All of lore.kernel.org
 help / color / mirror / Atom feed
* [Lustre-devel] extend lnet_notify to public LNet API
@ 2010-11-16 16:00 Nic Henke
  2010-11-17  3:00 ` liang Zhen
                   ` (2 more replies)
  0 siblings, 3 replies; 7+ messages in thread
From: Nic Henke @ 2010-11-16 16:00 UTC (permalink / raw)
  To: lustre-devel

We'd like to allow upper layers (Lustre, Cray DVS, etc) to register a 
callback that would be called from lnet_notify. This will allow them to 
be notified when the lower layers have seen network problems between 
NIDs and let them take appropriate action. The upper layer could also be 
notified when that peer has returned to 'network health' after the LND 
gets its act together.

This would help allow upper layers to aggressively resend/reconnect in 
the cases where all TX have completed successfully (meaning no LNet -EIO 
on LND errors) but there are LNET_MSG_ACK or other REPLY traffic 
outstanding.

Initial proposal is on the verbose side, giving all data that 
lnet_notify sees:
- lnet_nid_t
- is_alive (boolean)
- cfs_time_t when (unsigned long on Linux) - jiffies when last alive

Is this workable and likely to be accepted up-stream ?

Nic

^ permalink raw reply	[flat|nested] 7+ messages in thread

* [Lustre-devel] extend lnet_notify to public LNet API
  2010-11-16 16:00 [Lustre-devel] extend lnet_notify to public LNet API Nic Henke
@ 2010-11-17  3:00 ` liang Zhen
  2010-11-17  7:52 ` Alexey Lyashkov
  2010-11-22 17:29 ` Nic Henke
  2 siblings, 0 replies; 7+ messages in thread
From: liang Zhen @ 2010-11-17  3:00 UTC (permalink / raw)
  To: lustre-devel

Nic,

Are you suggesting to provide a new API like:

int LNetNotificationAttach(lnet_notification_callback_t callback);

to register a global callback for LNet, the callback will be called on 
any lnet_notify_locked? If so I don't see any reason we can't do this, 
at least from my point of view. One thing we need to concern is that we 
can't get such a notification for remote peers because no direct 
connection with them in LNDs, we can only get notification for routers 
but upper layer wouldn't be so interested in routers.

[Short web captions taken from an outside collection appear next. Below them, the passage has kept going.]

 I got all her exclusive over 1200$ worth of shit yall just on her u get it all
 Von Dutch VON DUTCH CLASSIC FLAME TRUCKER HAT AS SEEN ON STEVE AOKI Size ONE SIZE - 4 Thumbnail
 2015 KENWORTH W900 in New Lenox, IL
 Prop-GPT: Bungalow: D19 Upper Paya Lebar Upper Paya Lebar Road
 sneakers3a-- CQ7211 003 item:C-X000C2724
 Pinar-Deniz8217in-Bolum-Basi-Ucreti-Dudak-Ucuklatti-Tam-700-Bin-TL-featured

Also, seems to me it's a much bigger change in upper layer than in LNet.

Regards
Liang

On 11/17/10 12:00 AM, Nic Henke wrote:
> We'd like to allow upper layers (Lustre, Cray DVS, etc) to register a
> callback that would be called from lnet_notify. This will allow them to
> be notified when the lower layers have seen network problems between
> NIDs and let them take appropriate action. The upper layer could also be
> notified when that peer has returned to 'network health' after the LND
> gets its act together.
>
> This would help allow upper layers to aggressively resend/reconnect in
> the cases where all TX have completed successfully (meaning no LNet -EIO
> on LND errors) but there are LNET_MSG_ACK or other REPLY traffic
> outstanding.
>
> Initial proposal is on the verbose side, giving all data that
> lnet_notify sees:
> - lnet_nid_t
> - is_alive (boolean)
> - cfs_time_t when (unsigned long on Linux) - jiffies when last alive
>
> Is this workable and likely to be accepted up-stream ?
>
> Nic
> _______________________________________________
> Lustre-devel mailing list
> Lustre-devel at lists.lustre.org
> http://lists.lustre.org/mailman/listinfo/lustre-devel

^ permalink raw reply	[flat|nested] 7+ messages in thread

* [Lustre-devel] extend lnet_notify to public LNet API
  2010-11-16 16:00 [Lustre-devel] extend lnet_notify to public LNet API Nic Henke
  2010-11-17  3:00 ` liang Zhen
@ 2010-11-17  7:52 ` Alexey Lyashkov
  2010-11-17 14:59   ` Nic Henke
  2010-11-22 17:29 ` Nic Henke
  2 siblings, 1 reply; 7+ messages in thread
From: Alexey Lyashkov @ 2010-11-17  7:52 UTC (permalink / raw)
  To: lustre-devel

Nic,

that idea discussed some time ago (as i remember with green and maxim), but have some objection.
Currently LNet hide from ptlrpc layer any network flaps, and LNet will resend request without notify ptlrpc about flap until ptlrpc request timeout.
But if ptlrpc will see node down event, ptlrpc will try reconnect  - that will produce extra overhead, because need to resend too much requests from sending and delay lists instead of lots requests in network flap time.
So, you need separate network flap from node down situation - before implementing that.
currently node marked down if node don't respond for request in ptlrpc timeout, which include network transmit and processing times, but it different then LNet message timeout.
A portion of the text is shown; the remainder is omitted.